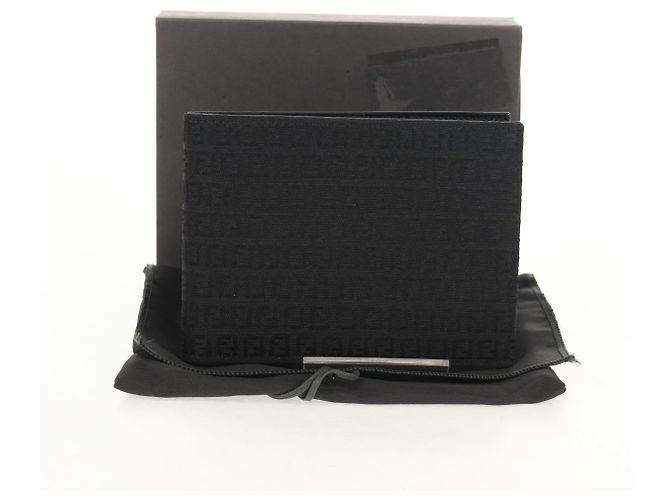 FENDI Zucchino Canvas Kompaktgeldbörse Schwarz Auth am9790V - Ansicht 12
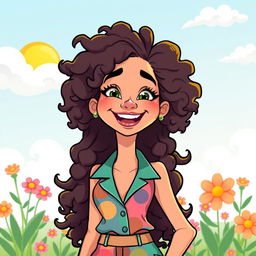 A lively cartoon illustration of a tall, slender woman with a bright smile
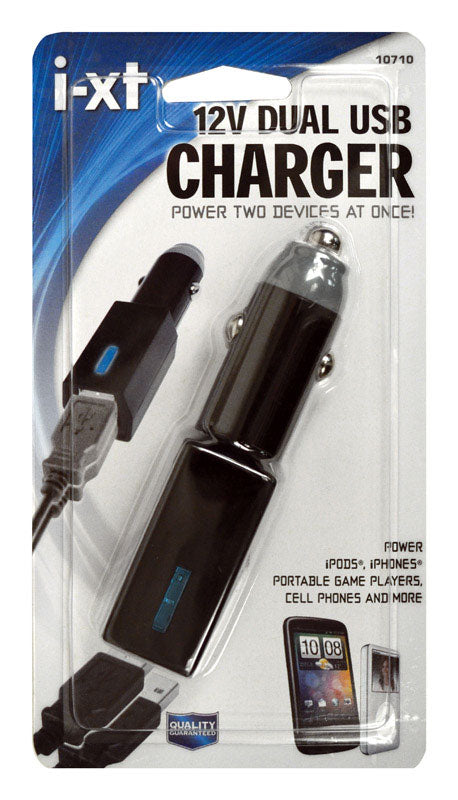 Goxt 12 V Black Dual USB Charger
-------------------------
TASK TO COMPLETE: Restate the data above exactly, stripping out each image.

ANSWER:
 FENDI Zucchino Canvas Kompaktgeldbörse Schwarz Auth am9790V - Ansicht 12
 A lively cartoon illustration of a tall, slender woman with a bright smile
 Goxt 12 V Black Dual USB Charger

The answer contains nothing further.